September 25, 2017 // By Julien Happich
Headquartered in Valbonne, South of France, start-up Texplained is on a mission to render chip-level reverse engineering a dead-end for IC counterfeiters. Although today's Common Criteria Certification schemes for secure chips consider laboratory-grade invasive attacks as a negligible threat, Texplained's CEO Clarisse Ginet is here to prove otherwise.

"It used to be the case, maybe 15 years ago, that invasive attacks (chemically and physically removing layers to read through a chip's architecture) were too technical and too costly to be a threat, but this is no longer the case today", argues Ginet, "Just imagine, we are a small startup and yet we were able to fund our own lab and break into most commercial chips available today."


An advanced probing setup.

There is a plethora of countermeasures aimed at non-invasive attacks such as Differential Power Analysis (DPA) side channel attacks for which Rambus provide noise-reduction and obfuscation IP. But the reality, argues Ginet, is that today's serious counterfeiters want it all, the chip's internals together with its embedded code, and they opt for invasive attacks most of the time since they get a 100% target hit.

"Nowadays, due to numerous countermeasures, non-invasive attacks or semi-invasive attacks have become quite difficult and bring little value to hackers", notes the CEO, "you don't really know what you are looking for and where to look, so you have to accidentally kill a lot of chips by inadvertently triggering security mechanisms."

"But once a chip has been opened up and analysed thoroughly, it is easier to guide non-invasive attacks to extract its code or to communicate with it through its standard or custom protocol.

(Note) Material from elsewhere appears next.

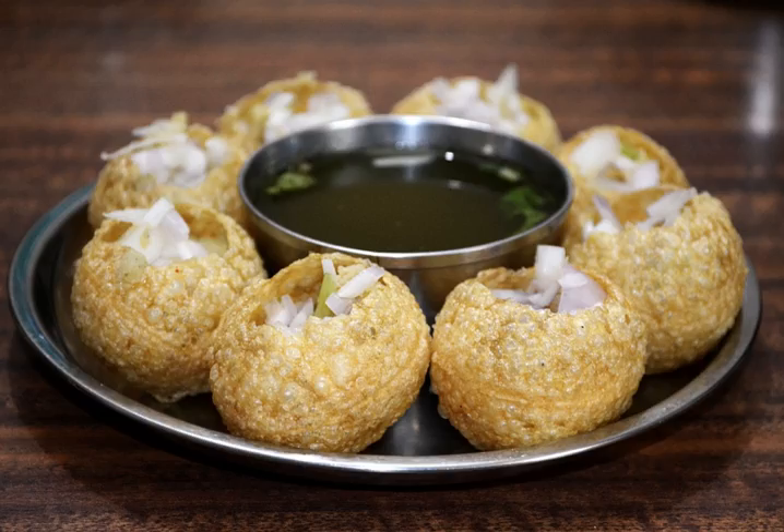Modern chefs, eager to take their culinary expertise to the next level, have come up with interesting variations to the gol gappa, like the cucumber panipuri, in which cucumber juice is used to fill up the puris.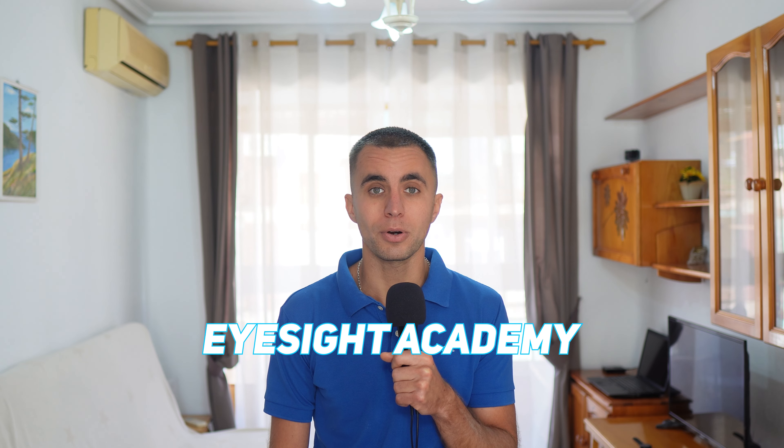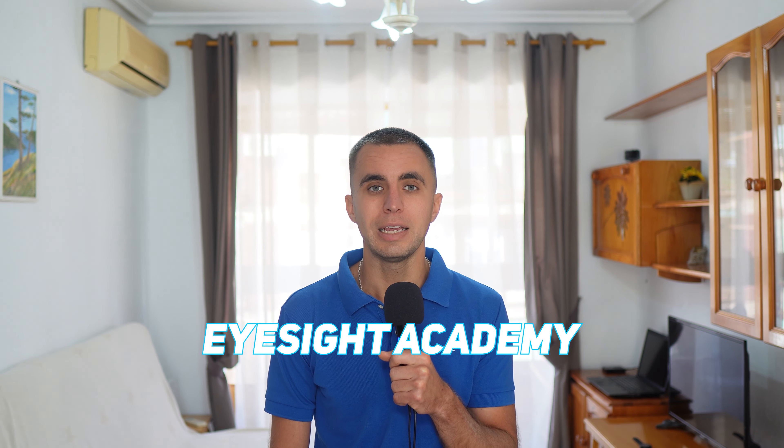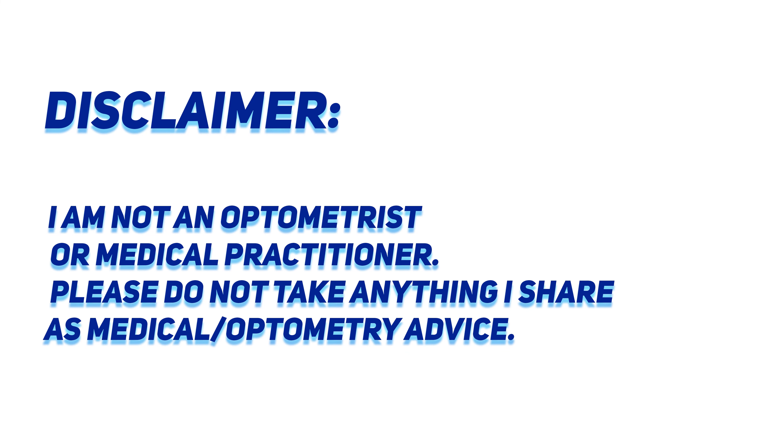By the way, if you want to improve your eyesight naturally, remove spectacles and get rid of myopia, astigmatism or hyperopia, check out my step-by-step proven course EyeSight Academy. The link will be in the description below.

If you look at the multibillion dollar opportunities in counterfeiting payTV smart cards or producing off-branded printer cartridges and other computer peripherals, these are markets that have been broken through invasive attacks, because they offer a 100% yield."

And if most counterfeiters target consumer products shipping in the hundreds of millions, state-sponsored counterfeiters could target military-grade ICs, reverse-engineer them and replicate them with backdoors before infiltrating them into the supply chain. According to the Ginet, today's secure chips are so vulnerable that not including invasive attacks into Common Criteria Certification schemes is akin to a denial of reality.

Of course, there are chips that resist better than others, some are actively shielded with intricate metal layers, others feature PUFs (Physically Unclonable Functions), but in the end, none of these chips will resist a complete strip-out giving away all their secrets.

"It may take a few attempts, but once you've completely mapped a chip's internals, you can always find ways to bypass a shield before inducing a code leak" Ginet told eeNews Europe.

Yet, she says Texplained has patented a unique hardware IP solution that thwarts all attempts at leaking out the embedded code, even when the chip has been fully analysed and understood. That means you could still duplicate a physical chip, but without ever having access to its code, it would just be dead silicon.